The title today doesn't just refer to the book I'm reviewing but also to the path I've been on this last year. With the onset of RA, I started reading books like crazy. Books I'd always wanted to read, books that I checked out from the library, books I borrowed from other people, and any others I could get my hands on. My library record shows my wild ride through literature. There's a great function on the library service my local library uses. The service is called InfoSoup and I can reserve books and see what I have checked out on their website. There's also a history function. It displays every item I've checked out over the course of the last year. I update it regularly by deleting movies, books for the kids, Mia's puppets, and any books I didn't get the chance to read/finish. (Yes, there's an opt-out button for those of you who don't want the government snooping into your reading history) So as of today, I've checked out 235 books from my library since Feb. 20 of last year. When you factor in all of the books I received to review, books I purchased/borrowed, and got through the extended library loan system, I can say I've easily read over 300 books in the last year. That's a journey I never expected to take. My mind has been opened in so many ways to politics, religion, faith, racism, prejudice, history, etc. I've discovered authors that just blow my mind and rediscovered some old favorites. I've only written about 230 reviews on the site. I think I have 236 on Amazon.com and that makes me reviewer #2640. My goal for the next year is to be a top 1000 reviewer; a goal that's not unrealistic considering last year I was #50,000 or so. This year has been full of ups and downs, literary and otherwise, and I just want to say thanks for coming along with me on this unexpected journey of mine.

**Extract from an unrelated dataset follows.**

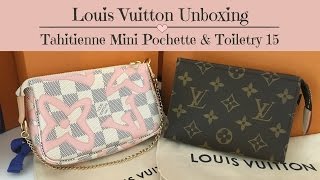 Louis Vuitton Unboxing  Tahitienne Mini Pochette amp Toiletry Pouch 15  Thinner Canvas [upl. by Lashondra182]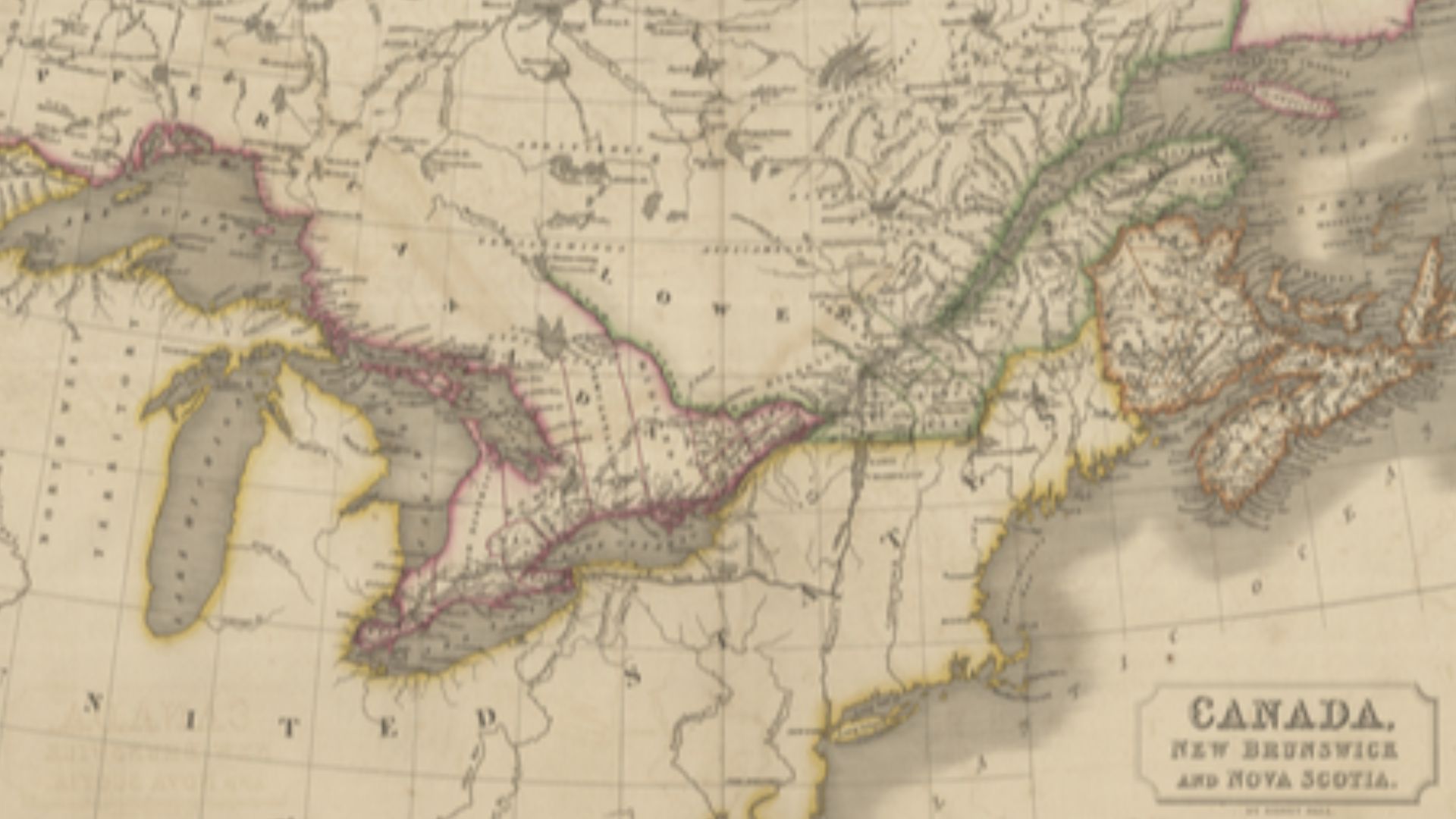 British map from 1830 showing Canada, New Brunswick and Nova Scotia. Cities, towns and bodies of water are labelled. Regional districts are outlined. The province of Lower Canada is outlined in green, while other provinces and territories are coloured red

Unexpected Journey by Thom S. Rainer is the story of 12 people of other faiths who turned to Christianity. Rainer and his wife interview each of these new Christians about what their former beliefs were and how they came to find Christ. The interviews are pretty straightforward other than the occasional awkward interruption by Rainer putting himself into the story. The stories are riveting looks inside faiths we don't normally hear about. Mormon, Jehovah's Witness, Hinduism and Buddhism converts are expected. The Wiccan, astrologer, and Satanist are fascinating. Each convert also gives advice on how to speak to someone of their former faith and help them find Jesus the way they did. The advice in every case is the same: Show Christ's love. Judgmental behavior and accusations don't work; only acceptance and love can show another person what being a Christian truly is. This lesson is pounded home again and again, but it can't be repeated enough. Pundits making pronouncements about the morality or goodness aren't a very good example of Christianity. It's people on a individual basis who can make a difference. The book only stumbles when Rainer tries to give unnecessary ambience to the stories. Reading about his troubles finding restaurants and how friendly the waitress was isn't necessary and only detracts from the power of these stories. My one other complaint is that I doubt anyone who isn't already a Christian will pick up this book and be swayed by it, but the advice inside for Christians is well-taken.

Mia is sick tonight, running a fever of 101 and sleeping already at 6 pm. Keep her in your prayers.